Indian stock markets extended their winning streak to four sessions on July 6, 2026, with the Nifty 50 and BSE Sensex both climbing 0.7% to hit fresh 10-week highs. The Nifty 50 closed at 24,430.35, up 159.50 points, while the BSE Sensex settled at 78,285.07, gaining 521.16 points. The rally was primarily fueled by strong buying interest in private banks, particularly HDFC Bank, which recently released encouraging business performance figures for the quarter.
Sector Gains and Market Sentiment
The broader market momentum was supported by gains across real estate, automobiles, and consumer durable sectors. Market participants noted that the decline in India VIX—a gauge used to measure market volatility—has helped improve overall investor confidence. When volatility remains low, it often suggests that investors feel more comfortable holding positions, which can provide a stable environment for index growth.
Technical analysts are focusing on how the Nifty holds its current levels after crossing the 200-day exponential moving average, which is currently near 24,421. Crossing this average is often viewed by traders as a signal that the long-term trend may be strengthening. The index has maintained a structure of higher highs and higher lows over the past four sessions, a pattern that generally suggests sustained buying interest.
Key Levels for Investors to Monitor
While the current sentiment remains positive, market experts are highlighting specific price zones that could dictate future movement. For the Nifty 50, the 24,150 to 24,300 range is being watched as the immediate support area. If the index stays above these levels, it may attempt to challenge higher resistance points near 24,600 and eventually the 25,000 mark. Conversely, if the index fails to sustain its momentum, potential intraday corrections could lead the Nifty back toward the 24,200 level.

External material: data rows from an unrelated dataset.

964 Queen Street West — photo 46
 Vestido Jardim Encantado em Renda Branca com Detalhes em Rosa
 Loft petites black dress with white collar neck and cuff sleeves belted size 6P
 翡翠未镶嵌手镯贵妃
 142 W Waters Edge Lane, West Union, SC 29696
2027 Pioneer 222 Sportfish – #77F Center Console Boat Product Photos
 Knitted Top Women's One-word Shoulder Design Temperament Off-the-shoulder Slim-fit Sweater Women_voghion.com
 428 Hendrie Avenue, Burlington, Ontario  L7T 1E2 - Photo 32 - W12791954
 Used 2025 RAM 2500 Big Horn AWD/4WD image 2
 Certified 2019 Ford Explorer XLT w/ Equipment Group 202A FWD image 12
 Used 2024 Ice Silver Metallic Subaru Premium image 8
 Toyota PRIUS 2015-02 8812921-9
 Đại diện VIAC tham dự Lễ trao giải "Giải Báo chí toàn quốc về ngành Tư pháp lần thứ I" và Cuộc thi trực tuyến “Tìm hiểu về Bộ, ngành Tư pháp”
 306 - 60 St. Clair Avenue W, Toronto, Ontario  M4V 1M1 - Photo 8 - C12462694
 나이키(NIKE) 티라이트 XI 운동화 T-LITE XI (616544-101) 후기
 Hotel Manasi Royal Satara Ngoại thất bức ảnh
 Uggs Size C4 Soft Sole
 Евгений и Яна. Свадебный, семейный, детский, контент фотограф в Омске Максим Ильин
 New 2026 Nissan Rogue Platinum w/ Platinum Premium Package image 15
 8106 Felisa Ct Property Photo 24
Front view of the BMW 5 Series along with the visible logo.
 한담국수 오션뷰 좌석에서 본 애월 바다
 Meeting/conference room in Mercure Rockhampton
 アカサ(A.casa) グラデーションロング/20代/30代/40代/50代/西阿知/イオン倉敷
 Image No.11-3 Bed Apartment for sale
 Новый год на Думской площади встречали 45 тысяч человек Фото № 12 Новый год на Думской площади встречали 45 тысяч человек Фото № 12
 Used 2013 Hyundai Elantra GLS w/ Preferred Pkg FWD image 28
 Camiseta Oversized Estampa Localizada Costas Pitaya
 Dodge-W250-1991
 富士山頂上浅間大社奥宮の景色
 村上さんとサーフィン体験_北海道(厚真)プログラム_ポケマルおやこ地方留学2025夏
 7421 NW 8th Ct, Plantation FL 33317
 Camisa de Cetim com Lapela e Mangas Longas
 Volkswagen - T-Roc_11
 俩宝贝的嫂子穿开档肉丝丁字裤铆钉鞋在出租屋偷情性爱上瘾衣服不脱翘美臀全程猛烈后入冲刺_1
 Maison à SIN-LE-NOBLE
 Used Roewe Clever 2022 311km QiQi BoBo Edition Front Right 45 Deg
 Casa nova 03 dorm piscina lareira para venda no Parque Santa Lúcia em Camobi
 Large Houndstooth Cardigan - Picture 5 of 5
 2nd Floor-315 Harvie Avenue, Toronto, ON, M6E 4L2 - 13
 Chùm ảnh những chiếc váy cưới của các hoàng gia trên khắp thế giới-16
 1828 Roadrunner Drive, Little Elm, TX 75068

Investors should note that while the current trend is upward, short-term market movements are often influenced by institutional buying and global cues. The durability of this rally will depend on whether HDFC Bank and other large banking stocks can continue to provide positive business updates and whether broader economic data matches market expectations. Monitoring these support and resistance levels will be the primary focus for market participants in the coming sessions.